:: Recorded information ::

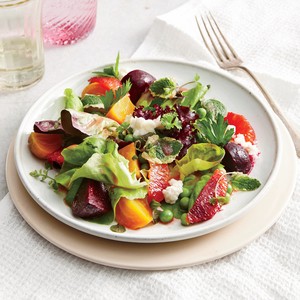 Spring beet and pea salad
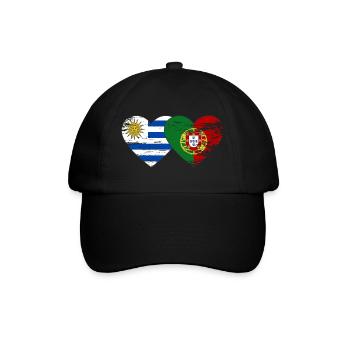 Uruguay Portugal flag heart used - Baseball Cap - black/black - Front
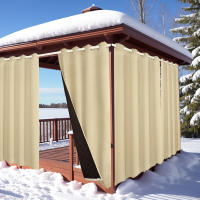 Cortinas Negras Aislantes De Calor Con Capa Impermeable Y Ventilación Para Patio Exterior Resistente Al Viento Y a Invierno Decorativas Para Sala De Estar Y Dormitorio - details 3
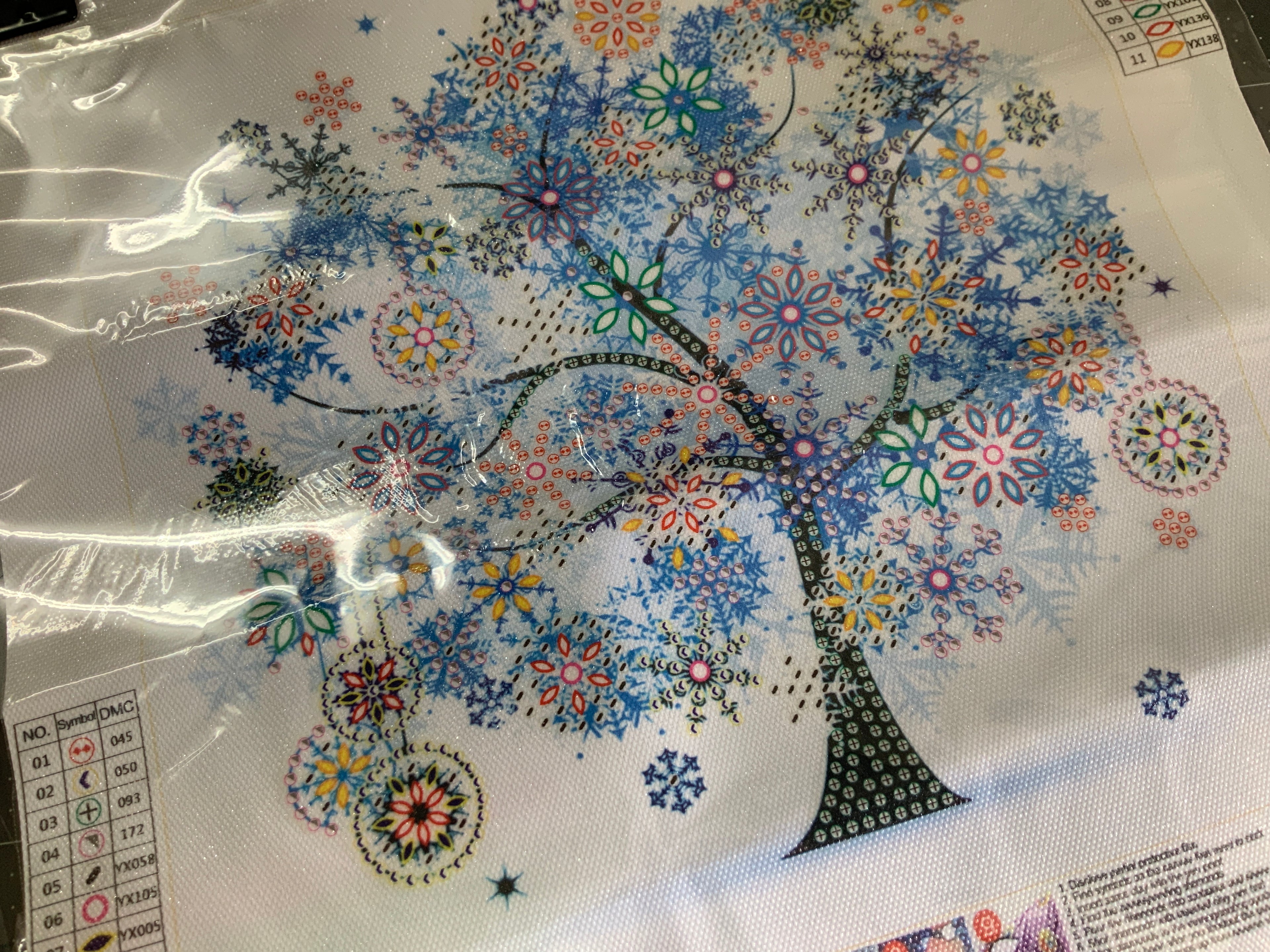 Special Drill BLUE WINTER TREE - Diamond Painting - 30cm x 30cm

:::

How to complete this task -
What is needed is a word-for-word copy of the data, minus its pictures.

Solution to the exercise -
 Spring beet and pea salad
 Uruguay Portugal flag heart used - Baseball Cap - black/black - Front
 Cortinas Negras Aislantes De Calor Con Capa Impermeable Y Ventilación Para Patio Exterior Resistente Al Viento Y a Invierno Decorativas Para Sala De Estar Y Dormitorio - details 3
 Special Drill BLUE WINTER TREE - Diamond Painting - 30cm x 30cm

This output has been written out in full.